A musical collaboration
As part of the new initiative, 15 students from Pune, Goa and Kochi will be arriving at the NCPA this month. “This is something we have always been thinking of— taking the experience of the music education offered by the academy beyond the NCPA,” shares Bisengaliev. The children from Kochi are students of Carol George, who worked with the SOI Chamber Orchestra as a musician in residence and now comes to Mumbai to perform during the SOI seasons. The students from Pune are trained by Rama Chobhe, a certified teacher of violin in the Suzuki method. Those arriving from Goa belong to the Child’s Play India Foundation. The students have been selected after multiple rounds of rigorous auditions.
“It’s not every day that you get to share the stage with peers from other schools. I think many students will feel excited about the collaboration, especially as it adds an element of novelty and energy to the experience,” says Margarita Gapparova, cellist and head teacher of the SOI Music Academy. While she feels there is a sense of camaraderie that emerges from being together on a shared platform, she is aware that a few students might feel anxious about working with people they don’t know. “But that’s also part of the fun—learning how to collaborate and make the most of that experience.”
The NCPA has an ongoing association with Child’s Play India Foundation in Goa. For the last three years, musicians of the SOI have been conducting an annual music camp for students of the 16-year-old foundation that works towards bringing social empowerment to disadvantaged children through music education. Dr.
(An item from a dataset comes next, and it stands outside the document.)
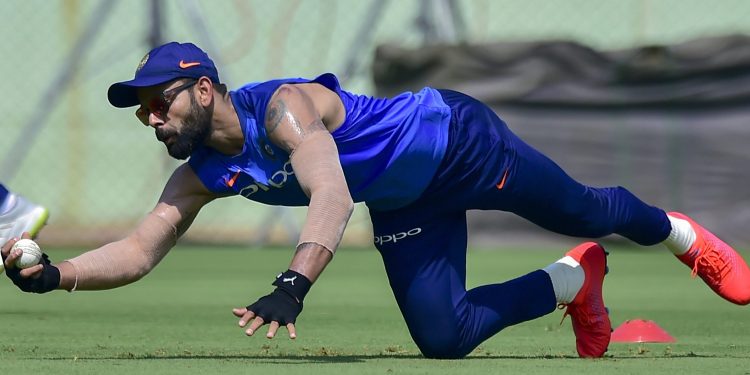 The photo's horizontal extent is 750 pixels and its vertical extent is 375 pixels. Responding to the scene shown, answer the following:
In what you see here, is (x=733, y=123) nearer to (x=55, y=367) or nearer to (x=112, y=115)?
(x=112, y=115)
Luis Dias, Founder and Project Director of the foundation, is excited about the students performing with the SOI Music Academy. “I’m hoping this could be the start of a real solid youth orchestra movement which the SOI can be in the vanguard of and that this will become the first of many more such events and collaborations,” he adds.
A rewarding journey
Out of the three students set to graduate this year, viola player Aliza Jetha has completed the 11-year course at the academy. “Saying bye to the comfort and familiarity of going to the academy is difficult but knowing that I have been given the foundation to pursue what I love the most is a great feeling. I have truly grown up here and I attribute a large chunk of who I am to my experiences at the music school. It has taught me life lessons in commitment, friendship and prioritising,” says the 18-year-old. Currently majoring in music composition and economics at Occidental College, a private liberal arts college in Los Angeles, Jetha recalls that travelling to Abu Dhabi in 2018 to play a concert for the royal family is one of the fondest memories of her time here.
As another batch prepares to graduate, Gapparova cannot help but feel “incredibly proud of their accomplishments.” She ends with a heartfelt message to the students, “The world needs your unique voice and vision. Whether you’re performing, composing, teaching or doing something entirely different with your music, your creativity has the power to touch many lives.”
The SOI Music Academy concert will be presented on 13th April at the Jamshed Bhabha Theatre.